_Work item_
Write out each line of the listing as it stands, without the images.
-- Data provided follows --
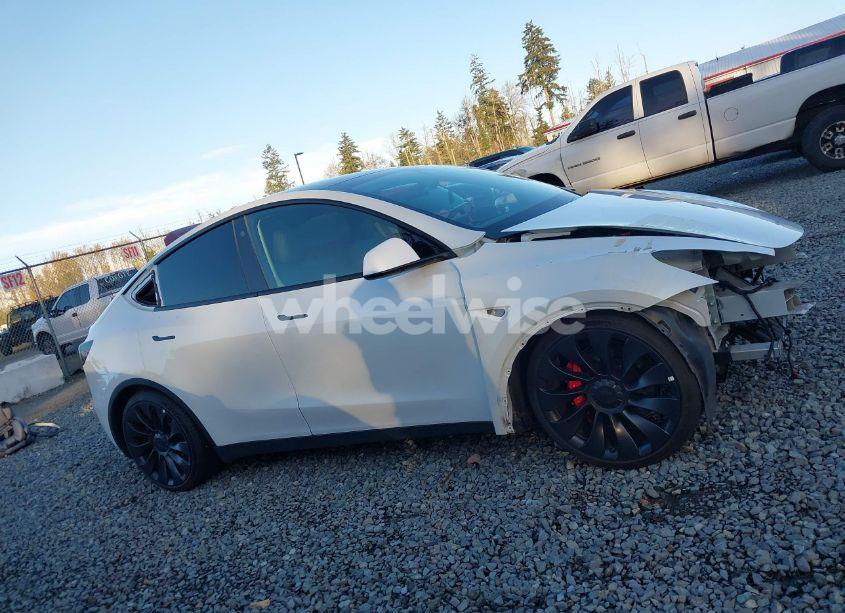 Photo 14 of 2023 Tesla Model Y AWD/PERFORMANCE DUAL MOTOR ALL-WHEEL DRIVE (VIN 7SAYGDEF8PF663950)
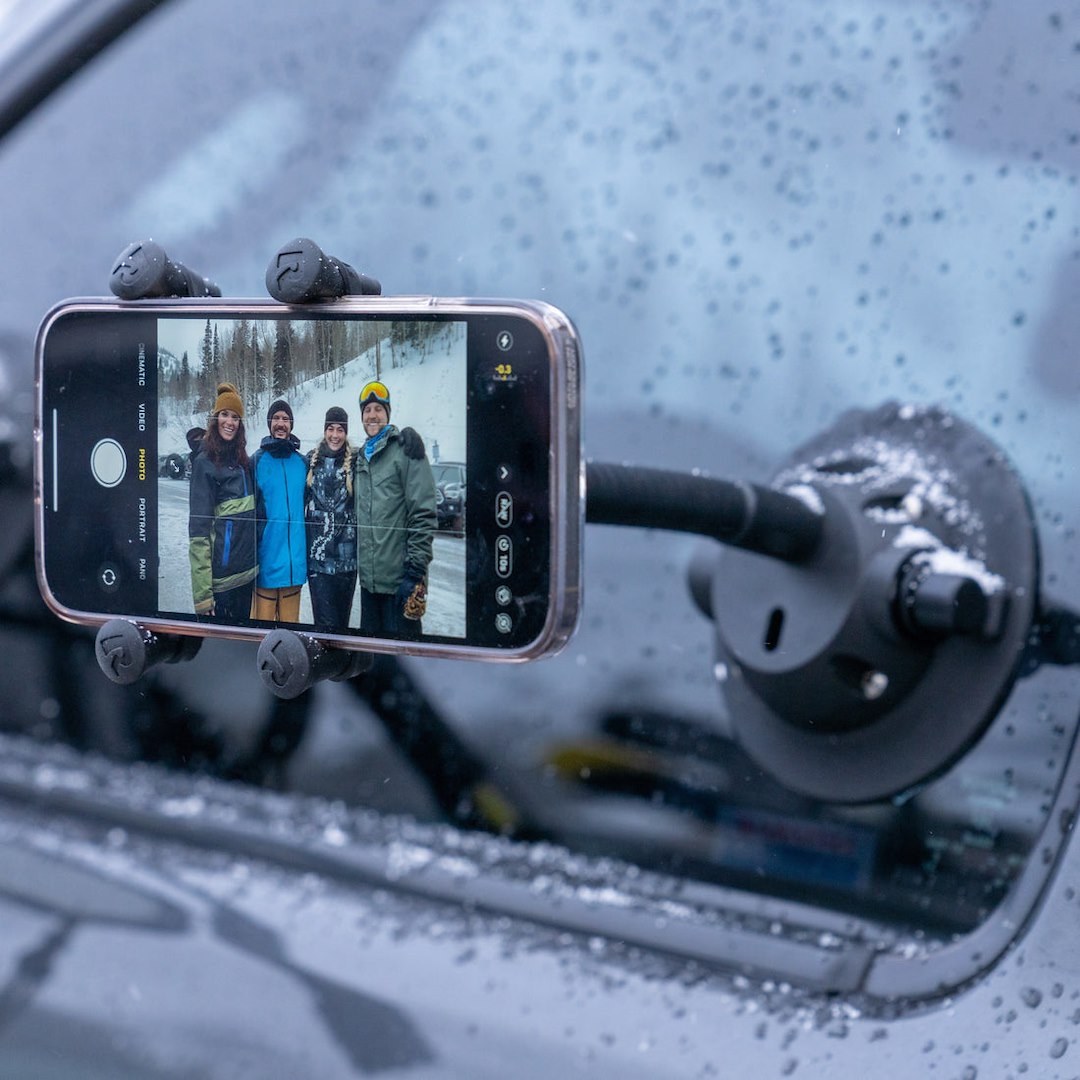 Seasucker Cell Phone Mount, Flex-X, Fits Up to 3-1/2 Inch Width Max/ Ultra/ XL Phones IN Fat Case, 7 Inch Flexible Arm – EL6013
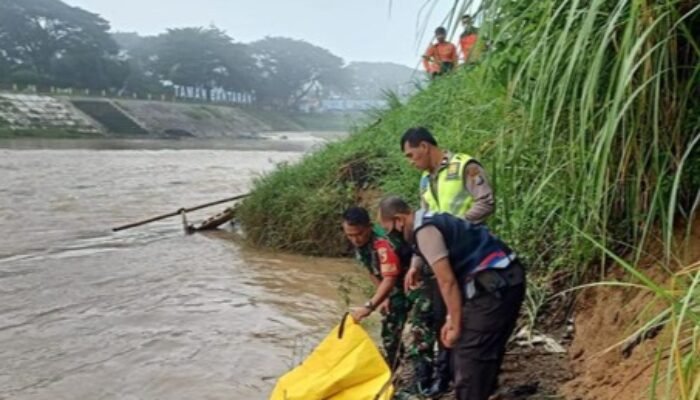 Niat Mancing Ikan, Warga Madiun Temukan Mayat Bayi Perempuan di Pinggir Sungai
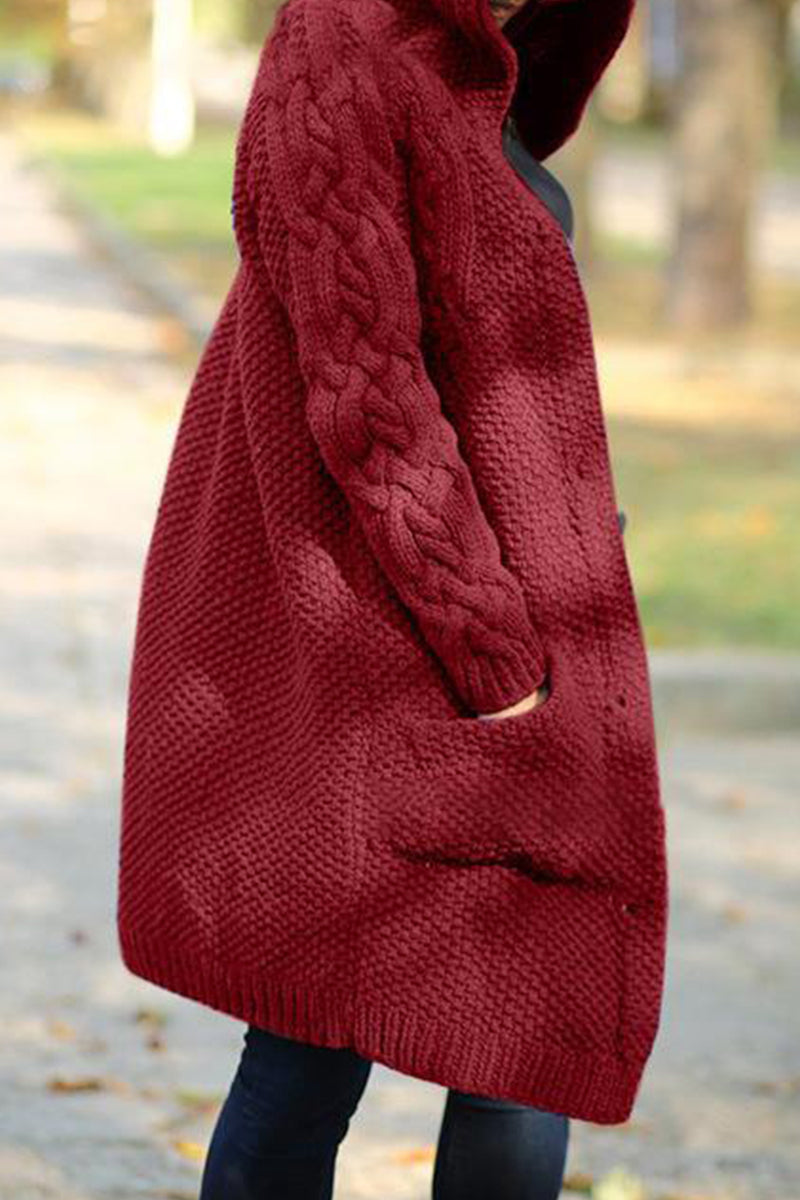 EB | Modische und Minimalistische Strickjacke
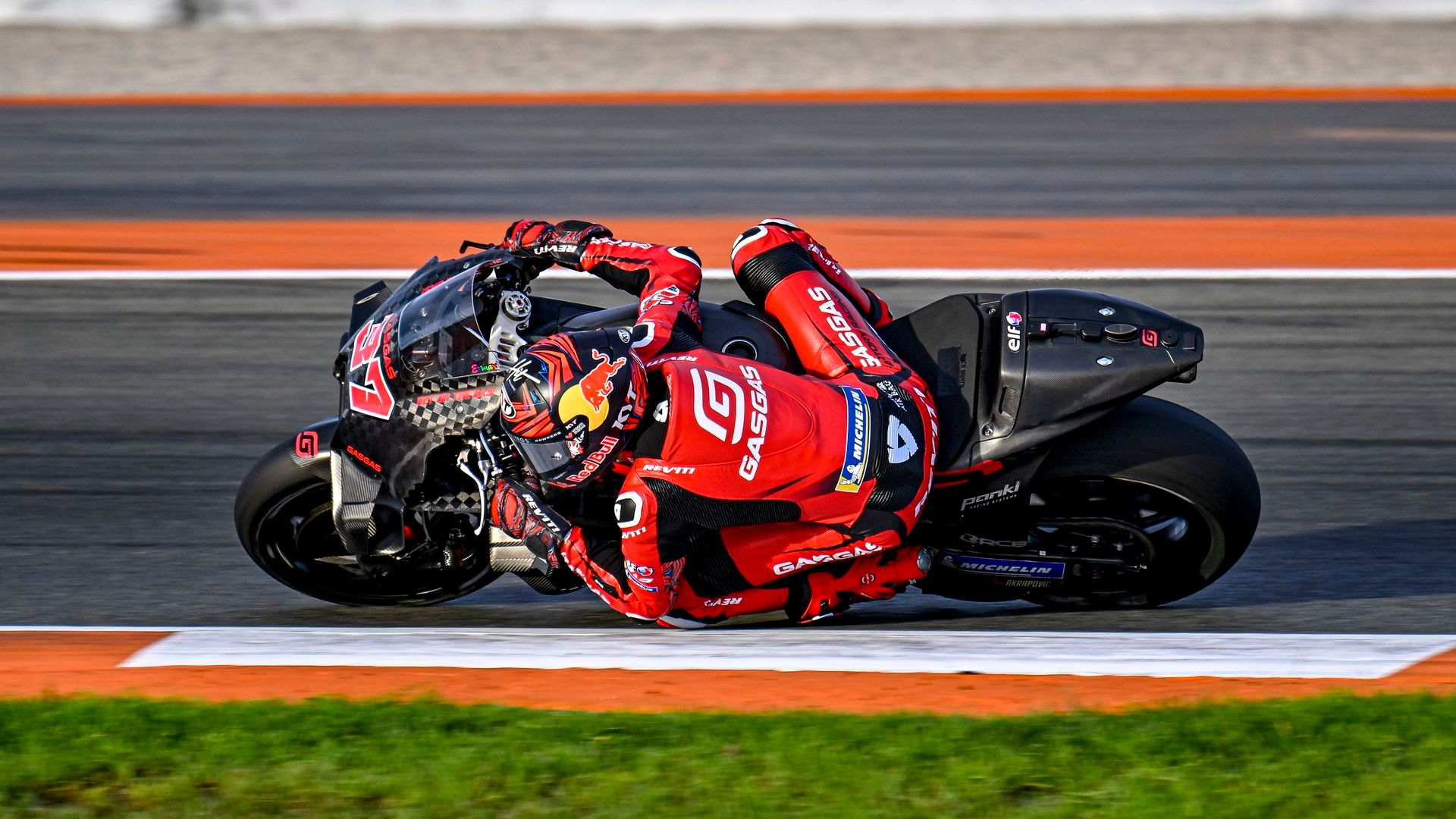 Piloto de Moto GP en el circuito de Cheste en Valencia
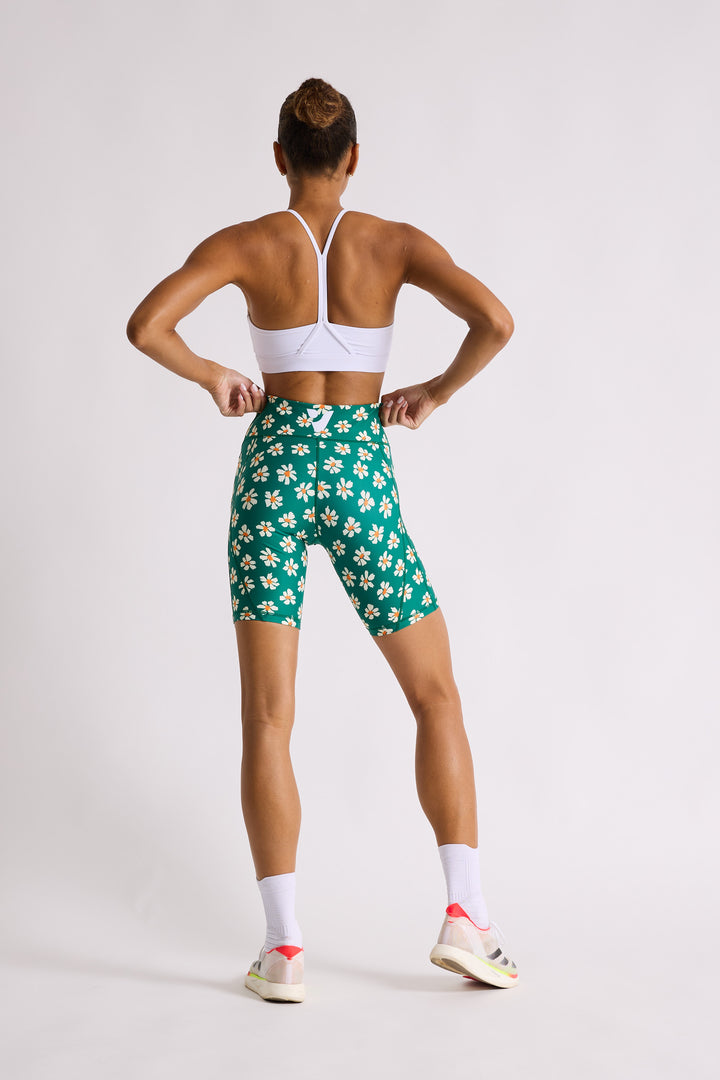 Green Daisy Biker Shorts 8”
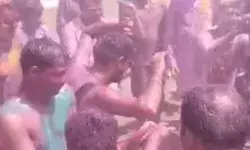 एसपी मोहम्मद मुस्ताक ने बजाया ढोल- किया नागिन डांस एसपी मोहम्मद मुस्ताक ने बजाया ढोल- किया नागिन डांस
-- Data provided concluded --
_Solution_
 Photo 14 of 2023 Tesla Model Y AWD/PERFORMANCE DUAL MOTOR ALL-WHEEL DRIVE (VIN 7SAYGDEF8PF663950)
 Seasucker Cell Phone Mount, Flex-X, Fits Up to 3-1/2 Inch Width Max/ Ultra/ XL Phones IN Fat Case, 7 Inch Flexible Arm – EL6013
 Niat Mancing Ikan, Warga Madiun Temukan Mayat Bayi Perempuan di Pinggir Sungai
 EB | Modische und Minimalistische Strickjacke
 Piloto de Moto GP en el circuito de Cheste en Valencia
 Green Daisy Biker Shorts 8”
 एसपी मोहम्मद मुस्ताक ने बजाया ढोल- किया नागिन डांस एसपी मोहम्मद मुस्ताक ने बजाया ढोल- किया नागिन डांस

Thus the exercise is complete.